*** Opening of RAW DATA ***

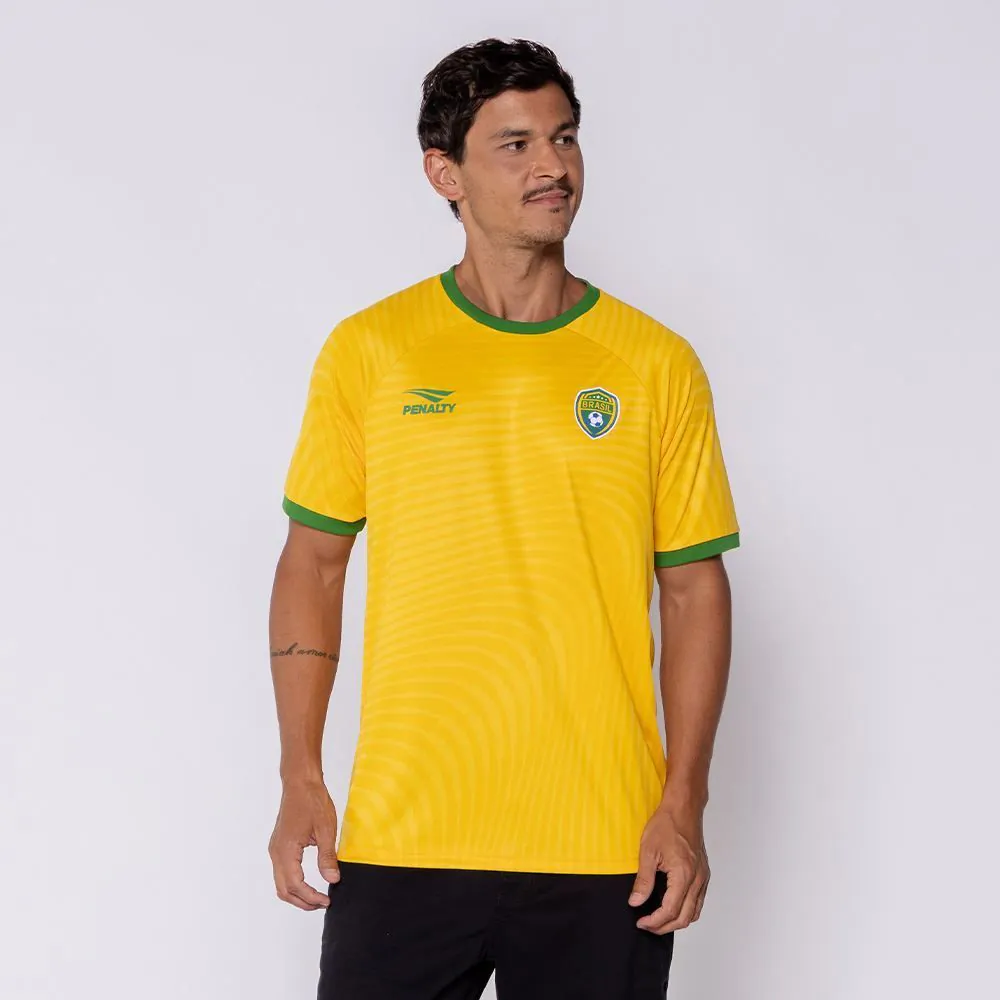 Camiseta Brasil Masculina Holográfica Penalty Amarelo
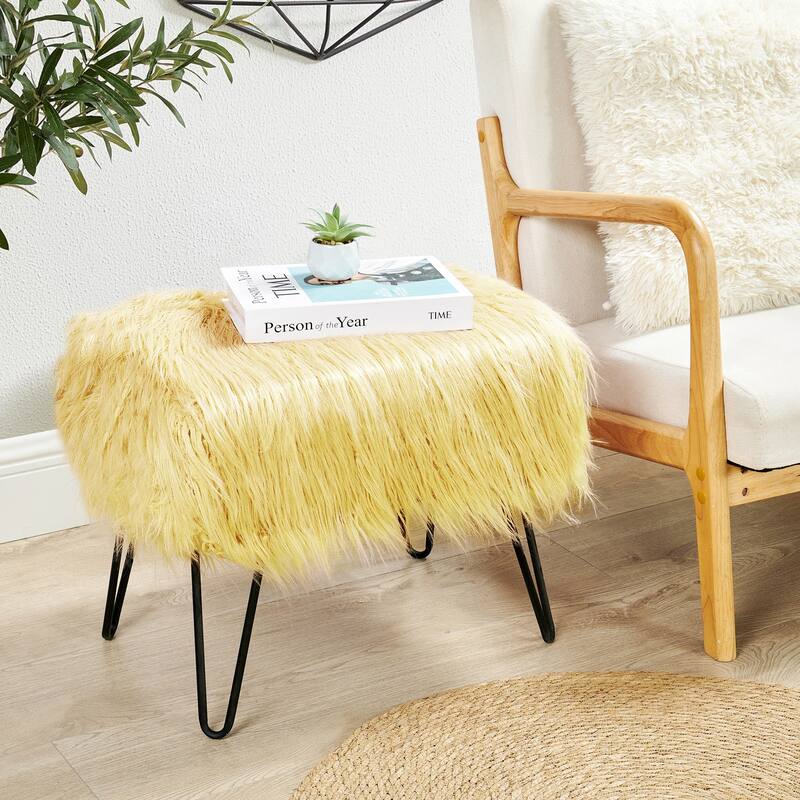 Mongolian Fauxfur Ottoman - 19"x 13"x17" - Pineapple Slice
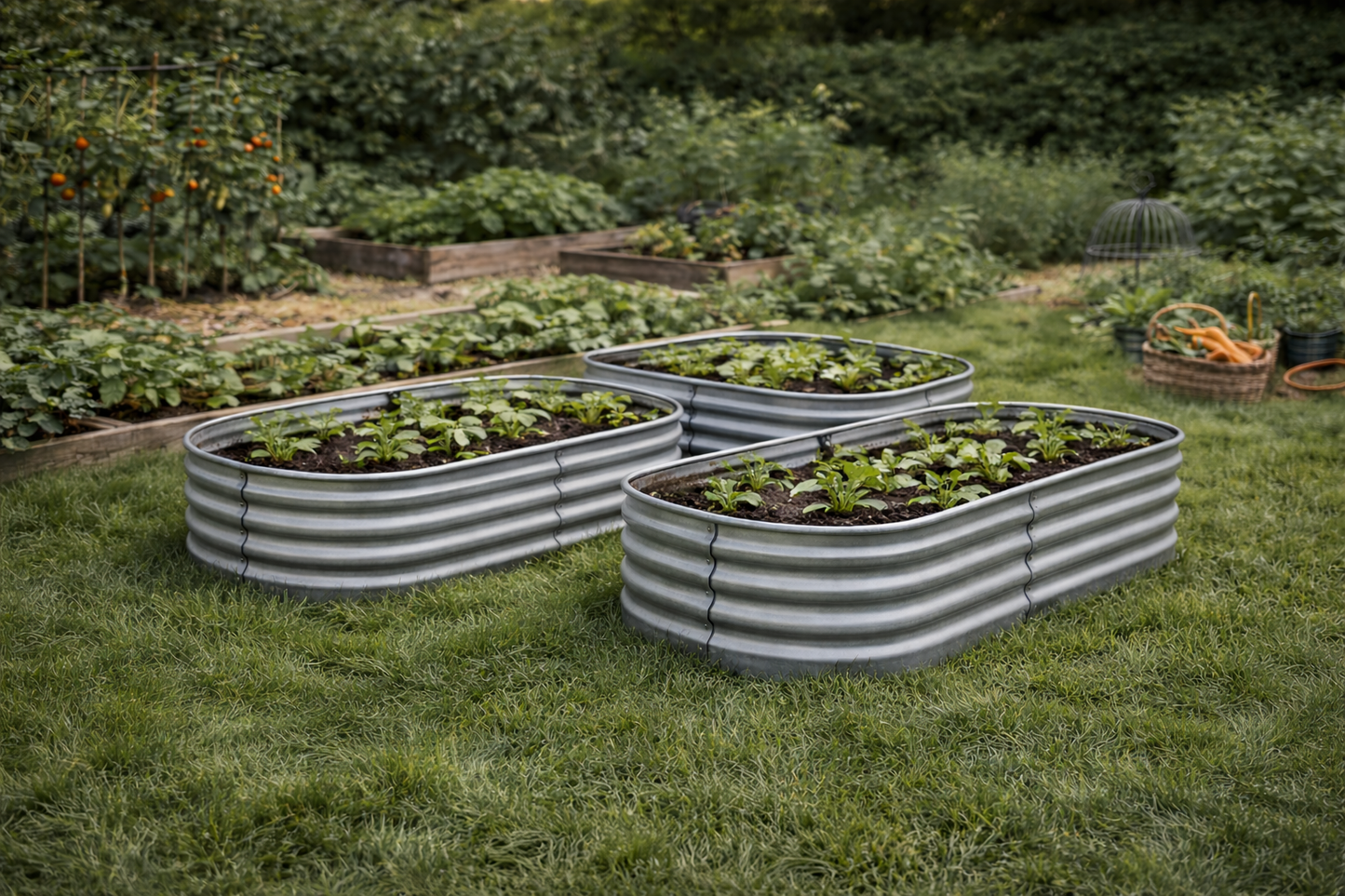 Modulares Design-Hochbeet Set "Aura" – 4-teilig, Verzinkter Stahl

*** Close of RAW DATA ***

— EXERCISE GOAL —
Reproduce every line of the material above, but drop the pictures.

— ANSWER FOR THIS EXERCISE —
 Camiseta Brasil Masculina Holográfica Penalty Amarelo
 Mongolian Fauxfur Ottoman - 19"x 13"x17" - Pineapple Slice
 Modulares Design-Hochbeet Set "Aura" – 4-teilig, Verzinkter Stahl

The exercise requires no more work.